The main challenge for YouTube is that often it is top users who are uploading dubious content, not the smaller channels. And that begs the question of why it took it so long to act, at least in a tougher manner. It's not as if YouTube hasn't dealt with cases similar to Logan Paul's in the past. Take Felix "PewDiePie" Kjellberg as an example, the Swedish YouTuber with nearly 60 million subscribers who has published videos filled with anti-Semitic and other racist outbursts on more than one occasion. Or the channel "Toy Freaks," which had over 8 million subscribers and featured explicit content targeted at young audiences, including videos of children vomiting and in extreme pain that it claimed were "pranks."

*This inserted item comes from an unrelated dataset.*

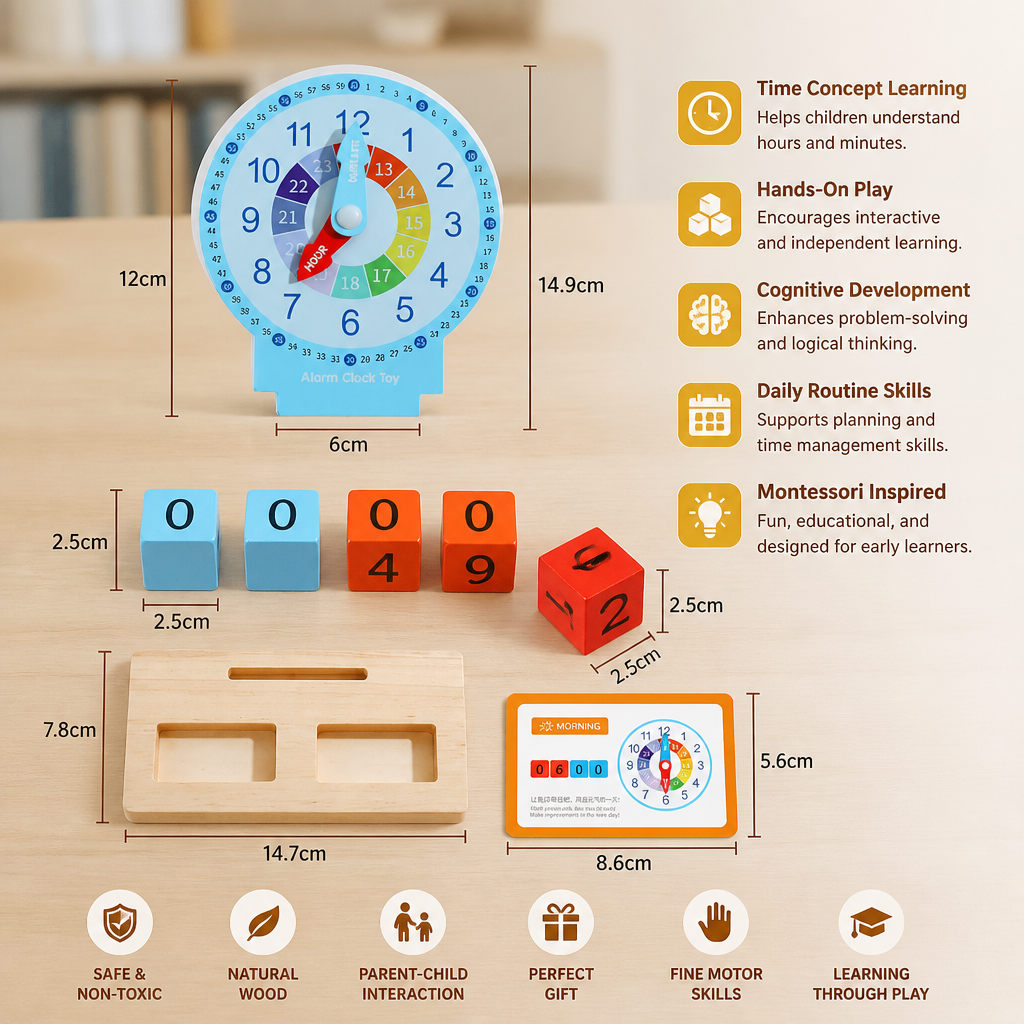 Educational Montessori Clock & Time Learning Toy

Granted, YouTube did act quickly in both cases: PewDiePie lost his original series Scare PewDiePie and Google Preferred deal, similar to Logan Paul, while the Toy Freaks channel was removed altogether. But those acts should've been a huge flag that the company needed to take a hard look at itself and change its video-review process, from depending less on machine learning and more on humans. Just as it plans to do going forward.
If the new system would've been in place, chances are the controversial Logan Paul video may have never been viewed by the masses and, therefore, YouTube could've saved itself from major public outcry. In fact, there's still an ongoing petition calling for his channel to be deleted, which so far has been signed by more than half a million people. The hope for YouTube now is that, by having humans monitor popular uploads, there will be less of a chance of any foul videos being published in the future. A YouTube spokesperson told Engadget that every decision the company makes has to work for advertisers, creators and users alike, which can be complicated because not every situation is black and white.

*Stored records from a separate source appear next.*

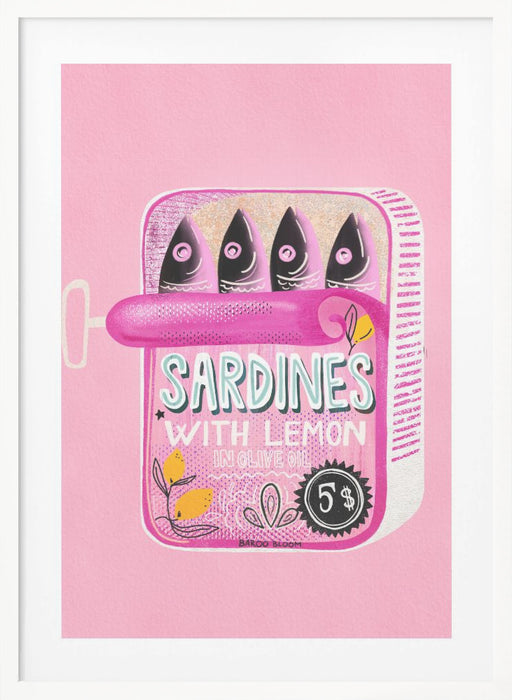 Sardines Tin Can Pink Framed Art Wall Decor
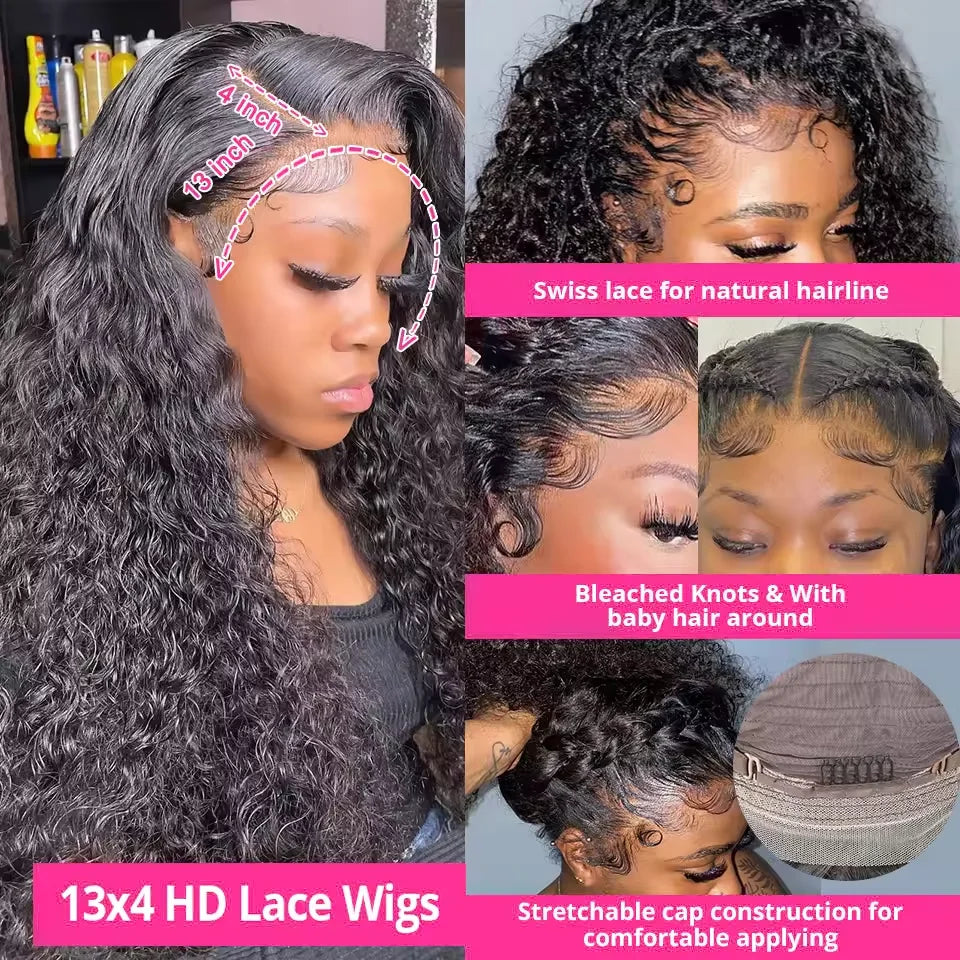 42 40 30Inch 300 Density 13x6 Hd Lace Frontal Wig Water Deep Wave Human Hair Wigs 100% Lace Curly Wigs For Black Women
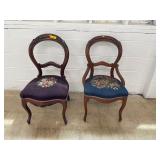 (2) Victorian Needlepoint Side Chairs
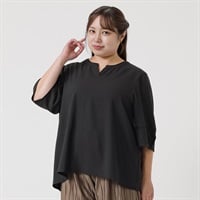 ＊キレイージー＊5分袖スキッパーブラウス レディス 大きいサイズ noannu 232350L(ブラック-3L)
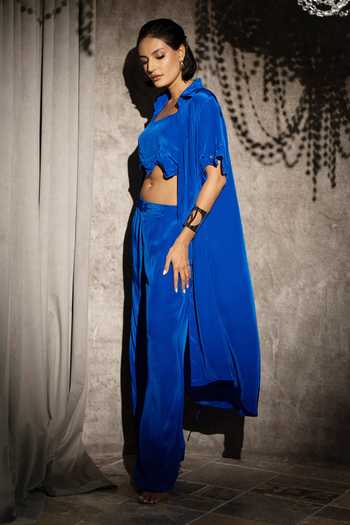 Vidhi Wadhwani_Blue Silk Applique Tara Embroidered Jacket Pant Set _at_Aza_Fashions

With the overhauled YouTube Partner Program, for example, some creators aren't happy with the new requirements because they don't think they'll be able to make money. But YouTube says that of those channels that will be affected, 99 percent are making less than $100 per year. Ultimately, the spokesperson said, all the changes made recently, both to the advertising and community guidelines, are designed to "move everyone forward," adding that YouTube doesn't want someone's bad judgment to affect the rest of the platform -- even though it certainly feels like it is.

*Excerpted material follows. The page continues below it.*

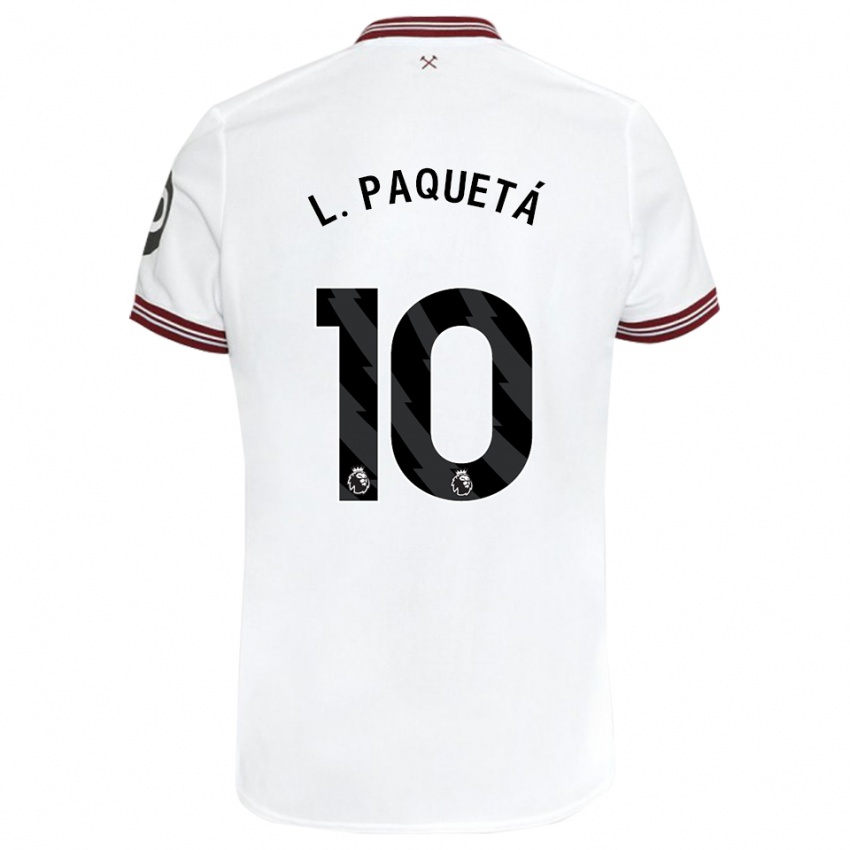 Criança Camisola Lucas Paquetá #10 Branco Alternativa 2023/24 Camisa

Paul Levinson, a professor of communications and media studies at Fordham University, said he has mixed feelings about the decisions YouTube is making. He believes that, by censoring its creators, the site will lose the freedom that's made it the most popular video site in the world. That said, Levinson also understands that it isn't appropriate to have a corpse or other "disgusting" content in a video.
"Of course, you could argue that if someone doesn't like it, they don't have to view it," he said. "You know, they can just shut it off the second they see it, but obviously, I get why people find that offensive, even repulsive. And so in that sense, it's a good thing, but at the same time I'm concerned that we're beginning to see the end of that totally open [internet]."